No vale la pena preguntarse por qué Trump ha accedido a cosechar tanto protagonismo. Queda claro el efecto que ha tenido su intervención. Y no es muy original afirmar que el rol principal que cumple no es el de verdadero precandidato.

En verdad, la prueba más nítida de que Trump es un artefacto semiológico es la certeza, desde el comienzo, que cualquier analista siempre ha tenido de que Trump no llegará a ser candidato. Ha resultado entretenido el toque de color que le ha dado al proceso, poblado de individuos sin carisma y sin  ideas. Pero esto es todo.

El anuncio de su previsible retirada ya ha comenzado. Ausentándose del último debate ocurrido el 31 de enero, la cobertura mediática se ha desplazado sin mayores problemas hacia los demás precandidatos, con la novedosa posibilidad de que sus escuálidas manifestaciones no queden obliteradas por el carisma del entertainer.
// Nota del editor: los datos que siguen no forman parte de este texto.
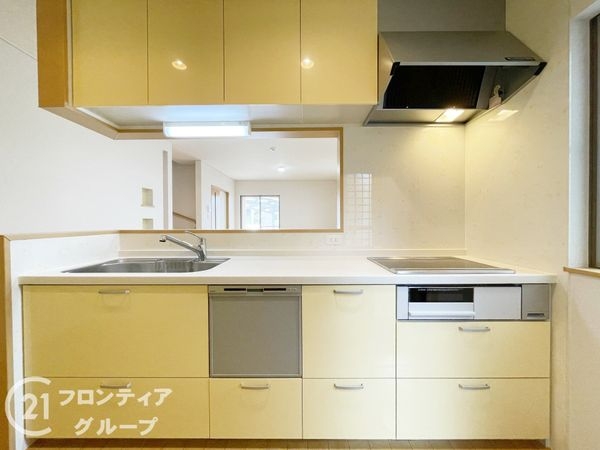 京都市伏見区久我東町の中古一戸建て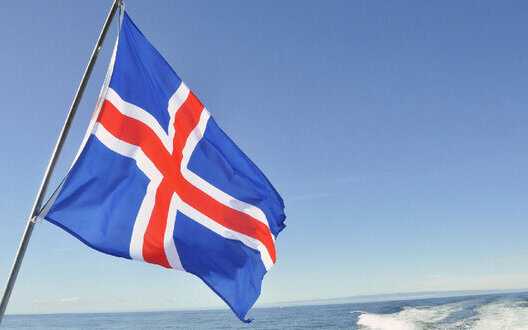 Iceland allocates two million euros for Czech initiative to purchase ammunition for Ukraine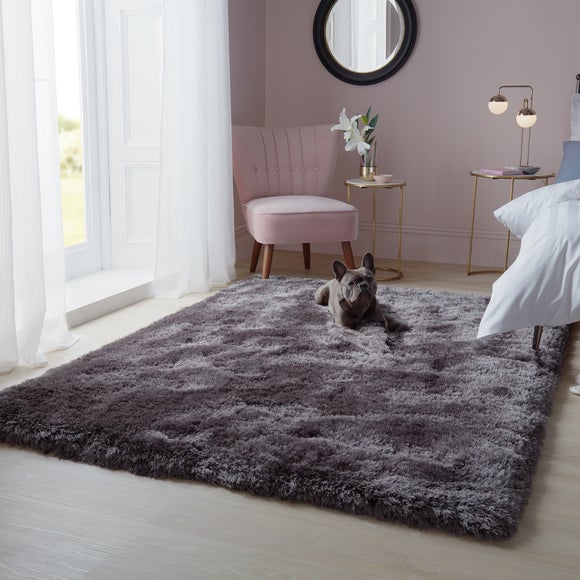 Jewel Shaggy Rug - image 1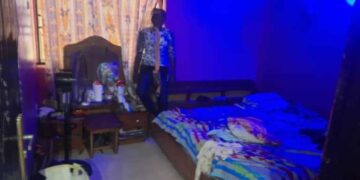 Nigeria Airforce Female Officer Commits Suicide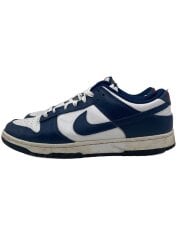 画像：DUNK LOW_ダンク ロー/28cm/NVY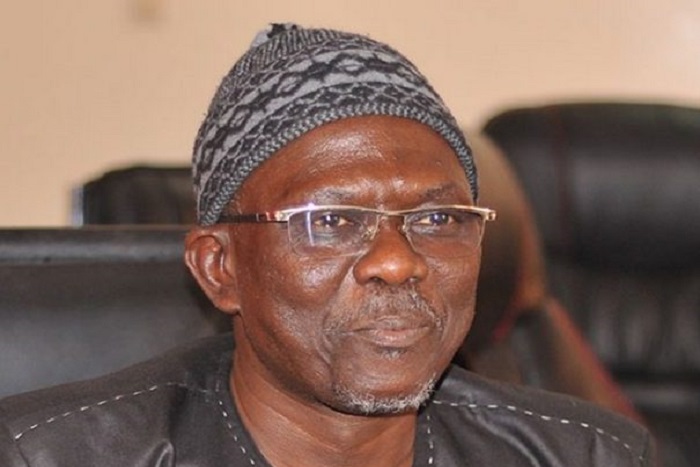 Moustapha Diakhaté dresse le profil du futur chef de file du groupe BBY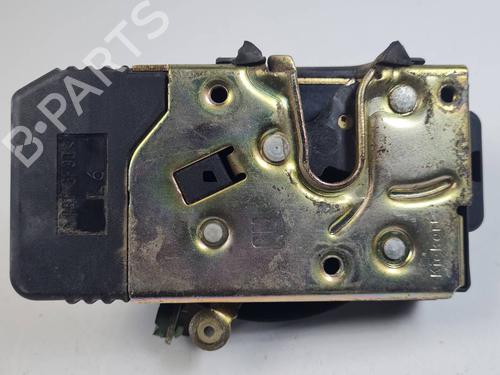 front-left-lock-opel-astra-g-hatchback-t98-1998-1999-2000-2001-2002-2003-2004-2005-2006-2007-2008-2009-36692407 main image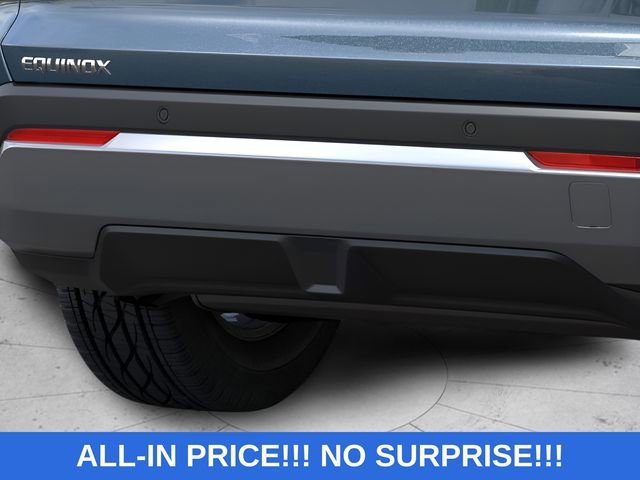 2026 Chevrolet Equinox LT - Photo 14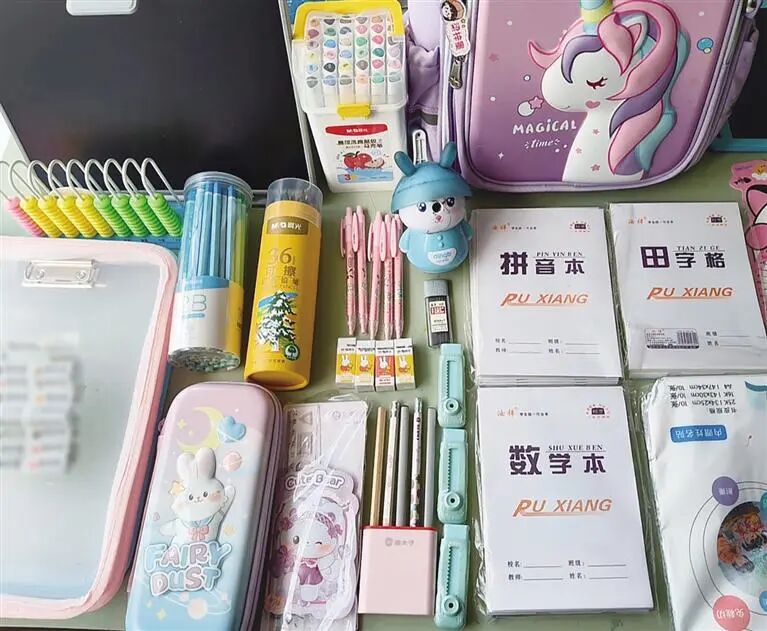 蝌学零距离 | 买齐“学霸同款”，成绩就能变好？开学季别把“买装备”当成“学会了”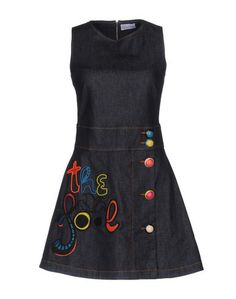 Короткое платье RED Valentino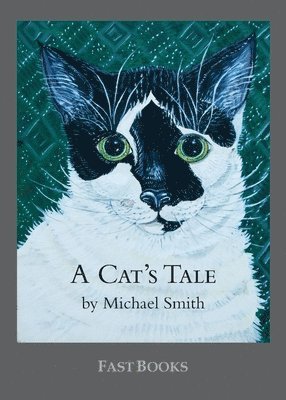 Michael Townsend Smith - Cat's Tale, Häftad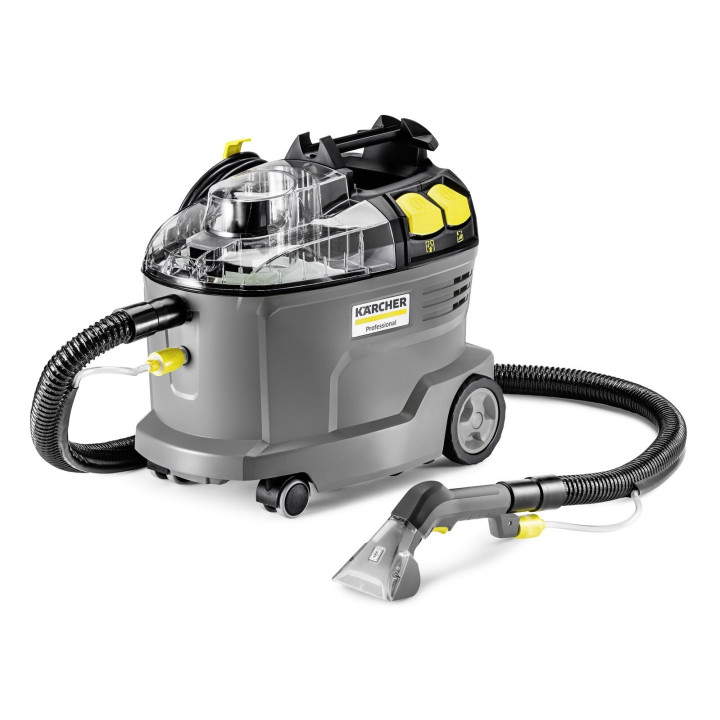 Професійний миючий пилосос Karcher Puzzi 8/1 C 1.100-240.0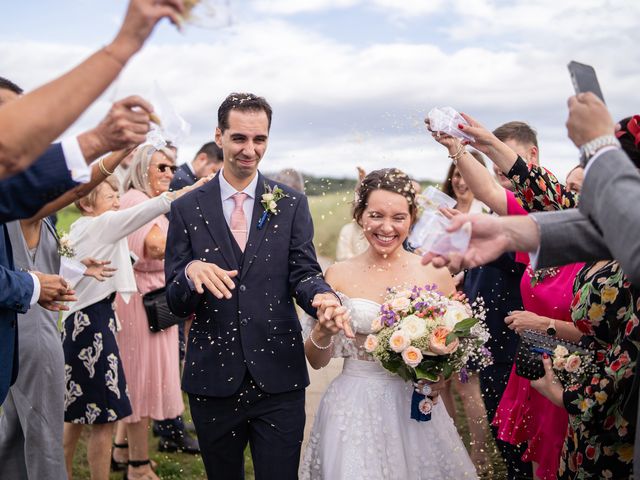 Le mariage de Alexandre et Molly à Saignon, Vaucluse 455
Se irá Trump y con él las ideas que tomó prestadas. La estrategia no parece inteligente: el efecto Donald difícilmente podrá compensarse con la hispanidad de Ted Cruz, y por enésima vez el partido republicano nada hace por captar ese creciente segmento sin el cual ya no puede recuperar la casa blanca. El camino parece ya despejado para una presidencia de Hillary Clinton.